Yes, there will be winners and losers—PlayStation Vue is no longer with us, and more will follow—but that's not what's truly interesting here. How people get their entertainment is changing, and that's a bigger story than whether or not Peacock can outperform CBS All Access.

The heat is entirely with subscription video-on-demand (SVOD) services. When virtual mul­tichannel video programming distributors (vMVPDs) get any attention, it's because they have once again raised prices (as Hulu did in November 2019 when its live services jumped from $45 to $55 per month).

vMVPDs are bloated and expensive, and consumers aren't fond of them. They don't provide a tidy and economical alternative to pay TV. As households cut the cord, take on more SVODs, and shun vMVPDs, it raises the question of whether or not live TV has a future.

According to Brett Sappington, senior research director and principle analyst for Parks Associates, 70% of broadband-enabled U.S. house­holds currently subscribe to at least one SVOD, but only 10% subscribe to a vMVPD. "With an SVOD service, you're not really replacing either your antenna or your traditional pay TV service. You are just adding content on at a low price. You're adding content on to what you're already getting from pay TV or your antenna," he says. "With a virtual MVPD, you're effectively replacing your pay TV service, and that's a bigger decision. There are people that are happy with what they have. They love content, they love their channels, and they don't plan to change. So, one is a replacement and one is complementary."

Taking a harder view, MoffettNathanson senior analyst Craig Moffett recently declared "live is dead" in a research letter. "Customers are not leaving linear TV for vMVPDs. They are simply leaving live TV altogether," he writes, noting that 15 million U.S. households have abandoned live services. 

Cable and satellite providers are seeing record cancellations, and few cord-cutters are replacing those services with vMVPDs. "For a time, vMVPDs looked like the answer for media companies preparing for the cord-cutting future," Moffett writes. But, "in the most fundamental way, they preserve the very bundles of programming that created so much frustration for so many customers in the first place. Sure, when vMVPDs were being priced far below cost, there was naturally a willingness to switch. But now that prices are being reset to more reasonable levels, perhaps we shouldn't be surprised that demand for vMVPDs is drying up."
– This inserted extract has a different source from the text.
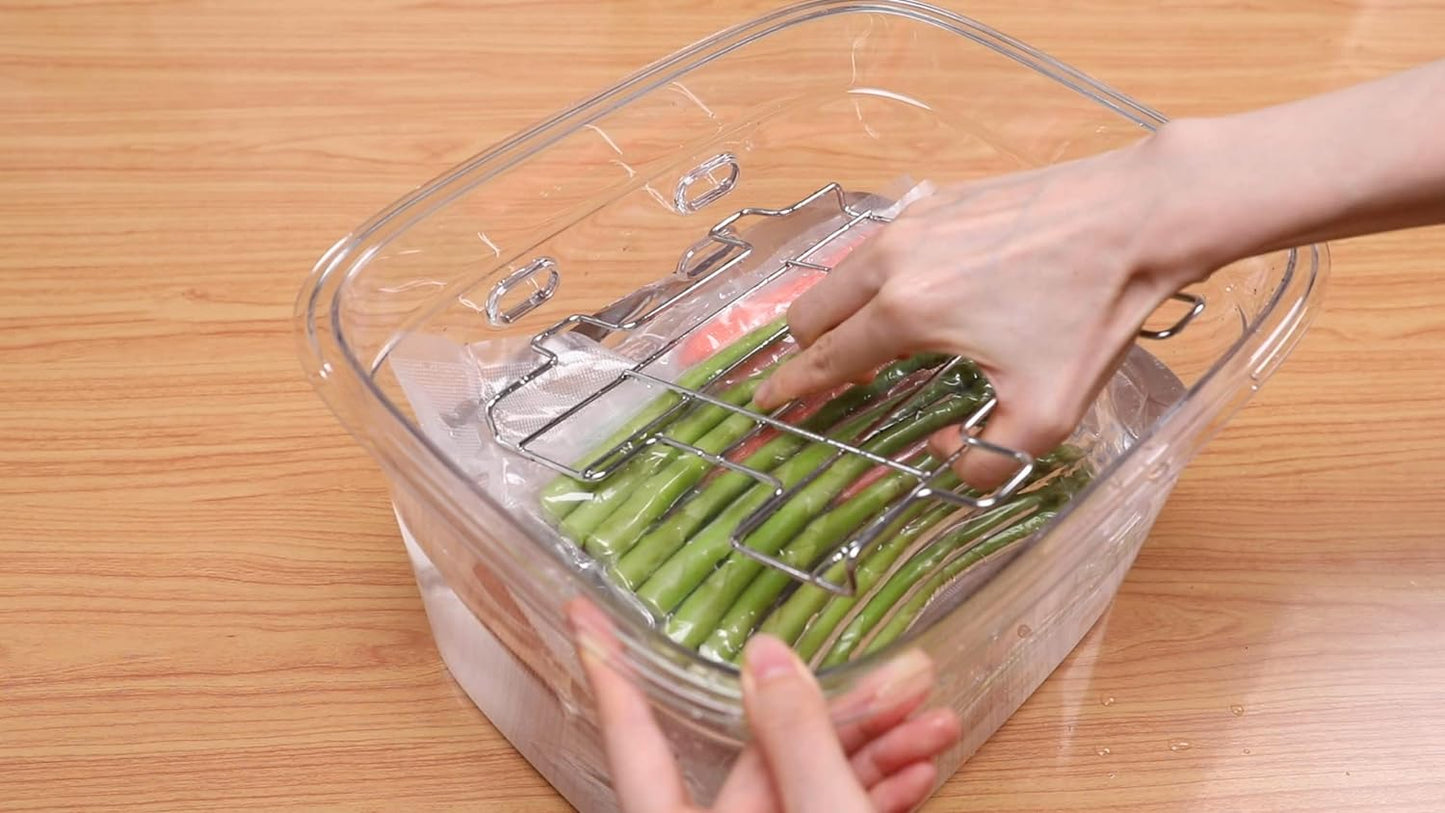 Versatile 12-Quart Sous Vide Container with Built-In Rack and Collapsible Hinged Lid and Insulated Container Sleeve Compatible with All Sous Vide Cookers, KIT-1202-TYPP
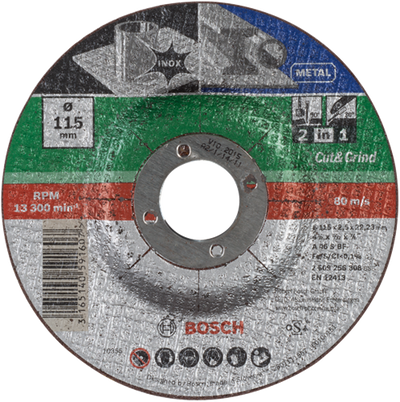 Bosch Zubehör Trennscheibe 2 in 1 Metall+Inox, 115 x2,5 gebo - 2609256308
The appeal of live sports streaming is strong, Moffett notes, and live news also has a following. But live entertainment is going to face a harsh new reality. When it comes to entertainment, many people prefer on-demand options and aren't willing to shell out for pay TV alternatives. Having fewer viewers means smaller budgets for program creation.

It also means fewer commercial breaks for advertisers, something that's already causing panic. Advertisers are desperate to get their messages in front of streamers, but the most attractive customers pay for ad-free options. The only way forward is for advertisers to work with vMVPDs to create more appealingly priced subscription options that include all the same premium channels viewers currently get with pay TV. If households can get premium live bundles for less than vMVPDs currently charge, they might be willing to sign on. The services would survive, advertisers would get a reliable outlet for their commercials, and consumers would get a deal. That sounds like a win-win-win to me, and it might be the only option to keep streamers from saying goodbye to live entertainment for good.